久保は相変わらず固い表情だったが、万葉のおかげで少しずつだが笑顔が戻り始めた。
「――久保セン、立ち直ったのかな?」
「いやぁ、あれはまだ無理してる顔でしょ?」
小早川と新藤はひそひそ話している。
「うまく行くかな?」
「……どうかな。でも、宮原と篠崎にも声は掛けてある。」
「――柔道部に頼んじゃいましたか。」
しかし、そのひそひそ話は久保の注意で止まった。
「……そこの二人、授業中にお喋りとは、いい度胸だな。」
「げ。」
「お前ら、後で機材の片付けの手伝い決定な。」
「――酷いっ! 横暴!」
「横暴で結構。」
丁度、授業の終了を知らせるチャイムが鳴る。
「……じゃあ、今日はここまで。宿題、忘れるなよ。日直、挨拶を。」
「気をつけ、礼!」
生徒が頭をペコリと下げて、バラバラと部屋を出ていく。
休み時間になり、小早川と新藤は示しを合わせたように互いに頷いた。
「ほら、小早川、新藤! 諦めて、これを運ぶの手伝え。
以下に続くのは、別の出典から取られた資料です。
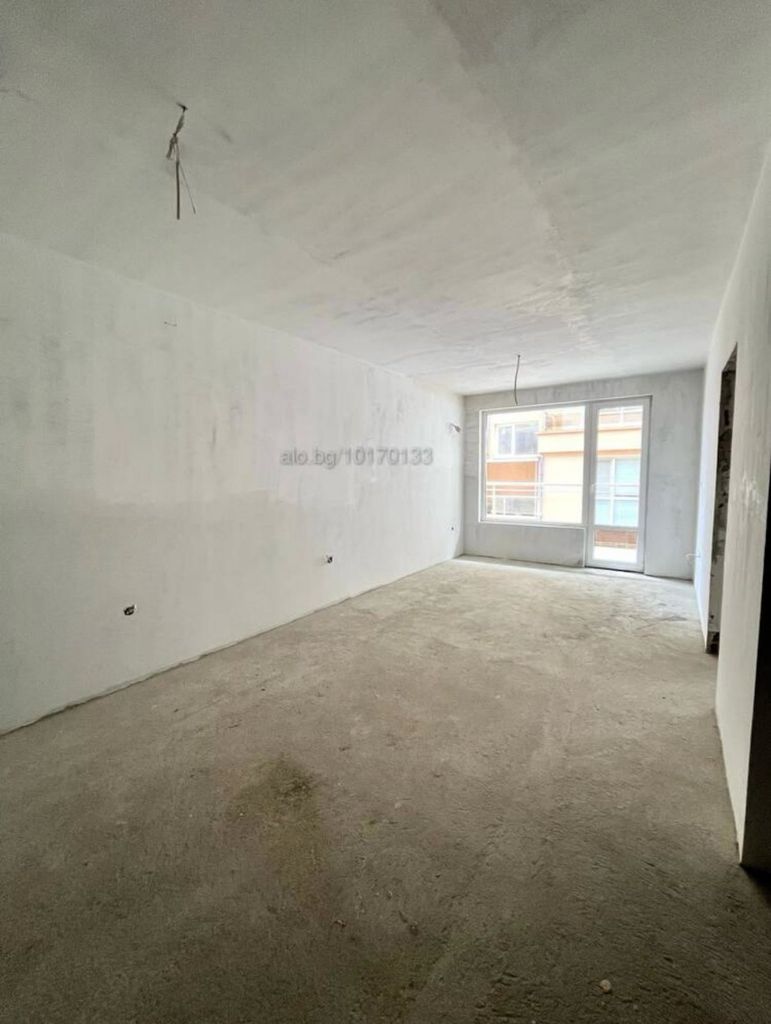 Продава се Двустаен апартамент в Поморие - 90 кв.м за 1089 €/кв.м - Снимка #2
」
そう口にしながら、ガタガタと授業で使ったプロジェクターを片付け始める。
「……運ぶのは構わないけど、小言は勘弁。」
「ほう? 小早川はプラスで説教だな。」
「ま、ま。久保セン、これを視聴覚室に片付けに行けば良いんでしょ?」
「……まあな。椛沢先生に返しに行くんだ。」
にっと新藤は笑うとプロジェクターを抱えて久保の左隣を歩く。
小早川もケーブル類を持って久保の前を歩いた。
「……あ、おい。」
小早川がおもむろにカウンセラー室の扉を開ける。
眉を顰めて久保がその後を追った。
「おい、小早川! 何を逃げてんだよ。……とぉっ?!」
今度はドンッと新藤に押されて、カウンセラー室に押し込められる。
「おいっ!」
ピシャッと扉が締まり、新藤が「ごゆっくり」と笑う。
前の方のドアは、小早川に閉じ込められた。
「――小早川ッ!」
「昼休み時間中は、亜希ちゃんセンセ、貸し切りだからさッ!」
「……いいから、出せよッ!」
再び後ろの扉を開けようとするが、こちら新藤ががっちり押さえ込んでいる。
「――新藤ッ!」
「久保セン、勘弁して!」
「閉じ込められて、そんな事、出来るか!」
二人は約束していた宮原と篠崎にも声をかけて、ドアを開けさせない。